Reported: 2008-02-16 10:43 UTC by Michael Kay
Modified: 2009-03-11 23:29 UTC (History)
1 user (show)

See Also:


Attachments

Description Michael Kay 2008-02-16 10:43:52 UTC
XML Schema Part 2 in 1.1 references Unicode 4.1 rather than Unicode 3.1.

Some of the names of code blocks, as used in constructs like \p{IsGreek}, have changed in different versions of Unicode, for example Greek is now "Greek and Coptic". This change has not been reflected in the list of allowed block names; nor is it clear how the change should be reflected, given the need for backwards compatibility.
Comment 1 Michael Kay 2008-02-16 15:20:31 UTC
Looking at the list more closely, it seems that new blocks that have been added since Unicode 3.1 are present in the table in the 1.1 spec, but blocks that have been renamed in Unicode have not been renamed in the table. This is probably the right thing to do, but it merits a note. The statement (part of a Definition no less) "The set containing all characters that have block name X (with all white space stripped out), can be identified with a block escape \p{IsX}." appears not in fact to be normative; I think we must assume that it is intended that the table should contain the normative names of the blocks.
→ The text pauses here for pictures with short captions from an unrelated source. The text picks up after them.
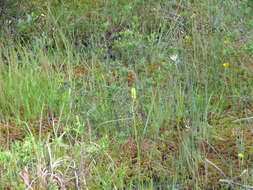 Image of yellow asphodel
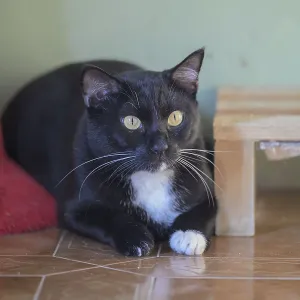 A black and white cat with yellow eyes rests attentively on the floor A black and white cat with yellow eyes rests attentively on the floor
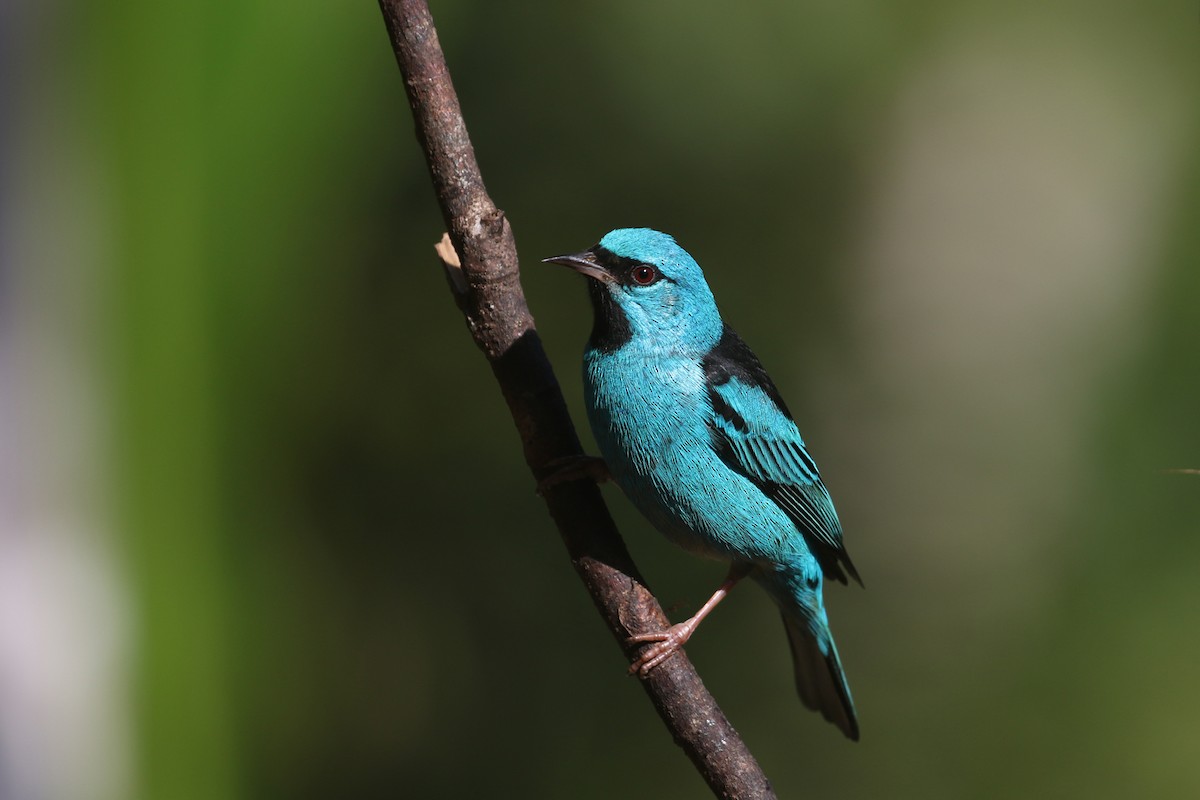 Blue Dacnis - ML623824166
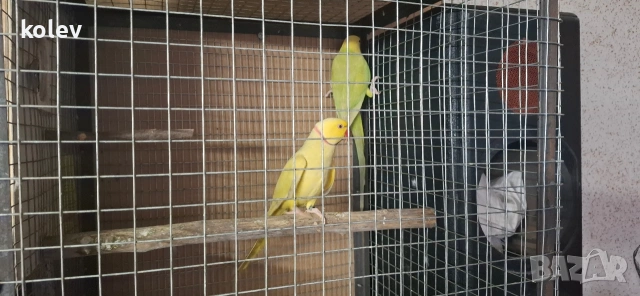 Папагали Малък Александър /двойка, снимка 6 - Папагали - 43090136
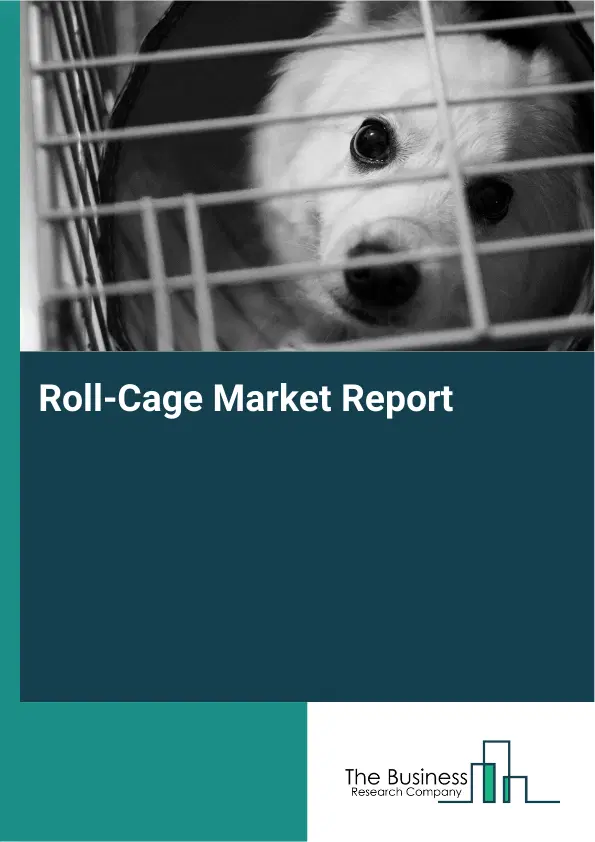 Global Roll-Cage Market Report 2026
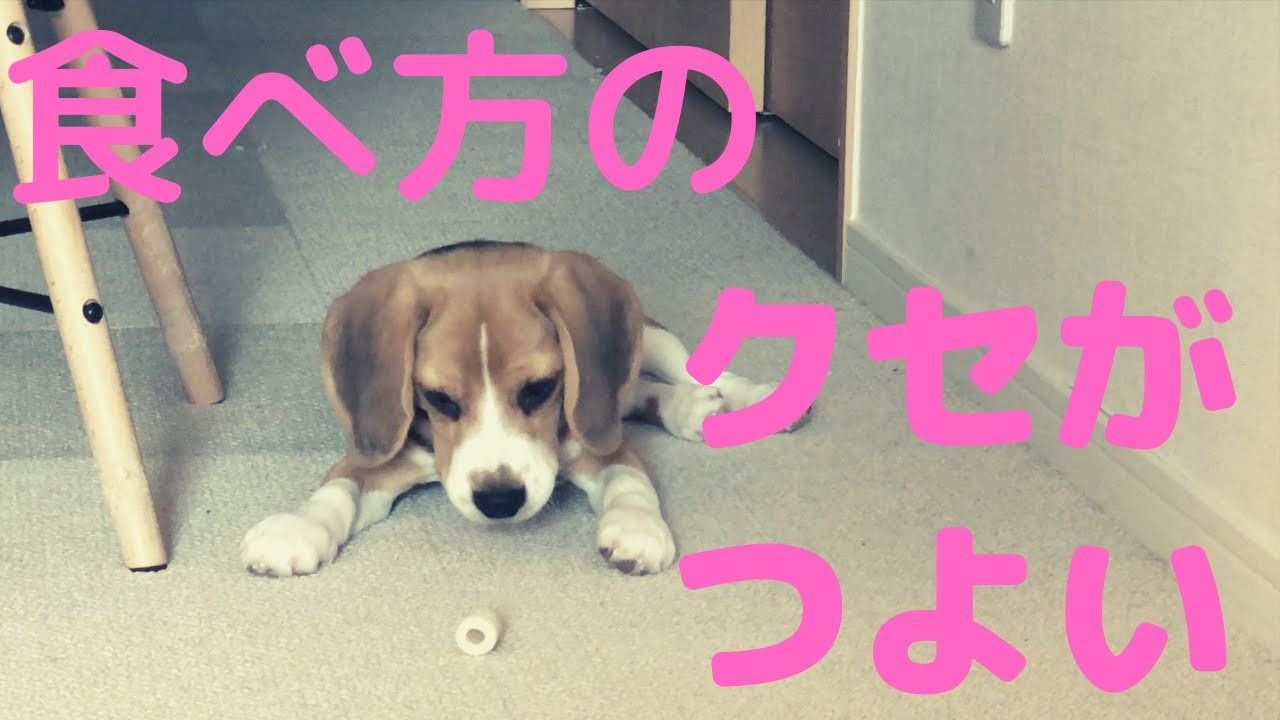 【ビーグル🐶セブ】ちくわの食べ方が分からない子犬 YouTube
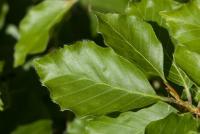 Fagus sylvatica (Buk lesní 'Tortuosa')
I'm also puzzled by a bit of history. XML Schema 1.0 First Edition contained a number of blocks in the non-BMP area, such as MusicalSymbols. These disappeared in the second edition of 1.0, but there appears to have been no erratum, and the changes are not highlighted in the change-marked version of the (1.0 2e) spec. How can this have happened?
Comment 2 Paul Biron 2008-02-16 15:48:03 UTC
For what it's worth, the original table in 1.0 was generated from a perl script I wrote that read the Unicode DB and output the table.  I'll look and see if still have that...although it may have gotten lost when I left Kaiser.
Comment 3 C. M. Sperberg-McQueen 2008-05-09 20:01:54 UTC
The XML Schema working group discussed this issue today and reached the
following tentative conclusions:

  - Implementations are required to support a particular version of
    the Unicode Database and may support later versions.
  - In supporting any version of the Unicode Database, the normative
    statement of block names is that of the database (modified for use
    in regular expressions by the space-removal algorithm given in the
    spec).
  - (As a result:) The list of block names given in XSD 1.0 and 1.1 is
    informative, not normative.

As a result, we are classifying the issue as editorial and instructing the
editors to clean up the problem by aligning the block names with the
appropriate version of the Unicode Database and by making clearer that the
list given is informative not normative.  The editors are also instructed
to spend a little time trying to figure out why the changes made between 
1.0 1E and 2E aren't shown with change coloring in 2E's diffed version.
Comment 4 Michael Kay 2008-10-28 12:06:59 UTC
See also

http://lists.w3.org/Archives/Public/www-xml-schema-comments/2008OctDec/0076.html

from James Clark
Comment 5 Michael Kay 2009-03-11 23:29:36 UTC
The proposed fix appears to be present in the Jan 2009 draft. I am therefore marking this fixed and closed.